Resampling overlap between two lists

I have two .txt files. Both files are lists of strings with one string per row eg.

GRIM1
PHOXA2
SLITRK4

Both text files are ~ 20,000 rows long. I want to randomly sample 500 strings from file 1 and 700 strings from file 2. Then I want to count the number of strings that overlap both these subsets.
Then I want to repeat this process 100 times and calculate the min, max and mean number of strings that overlap these subsets from the 100 resamplings.

I was trying to adapt some code that used to worked for similar tasks but I get an error:

Error in sample.int(length(x), size, replace, prob) : cannot take a sample larger than the population when 'replace = FALSE'

This code was:

listA <- read.csv(file="file1.txt", header=F)
listB <- read.csv(file="file2.txt", header=F)

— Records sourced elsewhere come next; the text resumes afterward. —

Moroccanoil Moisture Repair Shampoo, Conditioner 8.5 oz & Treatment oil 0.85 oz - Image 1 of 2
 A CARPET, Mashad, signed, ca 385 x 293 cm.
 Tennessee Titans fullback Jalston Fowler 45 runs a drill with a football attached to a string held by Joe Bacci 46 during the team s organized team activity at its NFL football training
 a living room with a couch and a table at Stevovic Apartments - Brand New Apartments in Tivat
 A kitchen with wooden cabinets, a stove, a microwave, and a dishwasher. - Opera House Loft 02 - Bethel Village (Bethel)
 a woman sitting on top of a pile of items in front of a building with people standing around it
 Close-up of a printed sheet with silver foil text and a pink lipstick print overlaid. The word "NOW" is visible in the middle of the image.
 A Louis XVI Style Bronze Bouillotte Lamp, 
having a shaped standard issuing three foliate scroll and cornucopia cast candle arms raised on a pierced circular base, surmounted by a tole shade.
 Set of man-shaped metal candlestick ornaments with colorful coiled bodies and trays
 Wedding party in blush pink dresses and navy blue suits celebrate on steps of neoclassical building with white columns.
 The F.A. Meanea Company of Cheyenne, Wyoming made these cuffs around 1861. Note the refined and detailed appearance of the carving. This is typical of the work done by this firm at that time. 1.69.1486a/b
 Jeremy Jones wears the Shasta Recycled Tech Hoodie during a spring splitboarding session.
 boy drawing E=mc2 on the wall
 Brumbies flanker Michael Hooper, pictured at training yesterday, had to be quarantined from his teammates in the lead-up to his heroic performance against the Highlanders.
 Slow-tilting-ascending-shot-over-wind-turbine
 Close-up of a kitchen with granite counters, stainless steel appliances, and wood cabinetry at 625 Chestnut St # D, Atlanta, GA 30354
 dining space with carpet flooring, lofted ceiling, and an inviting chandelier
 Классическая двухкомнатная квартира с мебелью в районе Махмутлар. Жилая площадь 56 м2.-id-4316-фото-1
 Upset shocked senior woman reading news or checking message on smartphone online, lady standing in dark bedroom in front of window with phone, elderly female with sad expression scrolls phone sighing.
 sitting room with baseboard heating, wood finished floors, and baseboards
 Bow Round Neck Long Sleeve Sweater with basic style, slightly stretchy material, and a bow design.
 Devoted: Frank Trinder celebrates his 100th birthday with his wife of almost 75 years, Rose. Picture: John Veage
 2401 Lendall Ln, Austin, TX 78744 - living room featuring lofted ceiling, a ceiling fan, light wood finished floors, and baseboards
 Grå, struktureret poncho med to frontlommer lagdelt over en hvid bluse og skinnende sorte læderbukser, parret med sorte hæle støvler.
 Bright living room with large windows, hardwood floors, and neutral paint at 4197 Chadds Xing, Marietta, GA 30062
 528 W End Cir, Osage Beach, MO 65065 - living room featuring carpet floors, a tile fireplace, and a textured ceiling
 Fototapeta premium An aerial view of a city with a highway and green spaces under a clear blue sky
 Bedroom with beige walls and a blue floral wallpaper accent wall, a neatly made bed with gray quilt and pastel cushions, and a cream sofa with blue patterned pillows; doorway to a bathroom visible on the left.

listA <- as.character(listA) # to check that you really have a vector of gene names #maybe you have to do: listA <- as.character(listA)
listB <- as.character(listB) 

res <- rep(NA, 100) 
genesToDraw <- 500 # how many to select 
genesToDraw2 <- 700 # if you want to take different number from second list

for(i in 1:length(res)){

drawA <- sample(x=listA, size=genesToDraw, replace=FALSE)
drawB <- sample(x=listB, size=genesToDraw2, replace=FALSE) # or size=genesToDraw2

res[i] <- length(intersect(drawA, drawB))
}

hist(res, breaks=20)
table(res)
max(res)
sum(res > 5) # how often i

Thanks in advance for your help and please let me know if I should clarify.

In response to comments when I run dput(listA) and dput(listB) after the as.character part of the code I get a bunch of comma seperated numbers as output. Here is a subset:

1100, 4576, 7394, 1343, 4997, 13807, 1233, 9580, 15254, 10466, 3333, 622, 11177, 4067, 4800, 7592, 5363, 9646, 11213, 14314, 2475, 8389, \n12559, 12808, 5248, 10423, 7856, 12976, 9695, 1674, 2090, 9369, 12089, 13952, 1218, 7966, 6949, 4088, 623, 4768, 2002, 11776, 14710, 5502, 6212, 7300, 2123, 7194, 2128, 1683, 14987, 4491, 2672, 10275, 9424, 997, 15506, 14307, 2644, 11508, 9272, 5107, 10146, 11693, 1802, 652, 13073, 4268, 5435, 718, 4845

Best regards,

Rubal

Solution

As we discussed, first since you are expecting strings, set the stringsAsFactors flag to false in the read.csv calls so you don't mess with factors

listA <- read.csv(file="file1.txt", header=FALSE, stringsAsFactors=FALSE)
listB <- read.csv(file="file2.txt", header=FALSE, stringsAsFactors=FALSE)

Now you will have two dataframes, each with one column, of character objects. the sample function requires vectors, so we can convert our one column dataframes to vectors via

listA<-listA[,1]
listB<-listB[,1]

and that should get your code to run!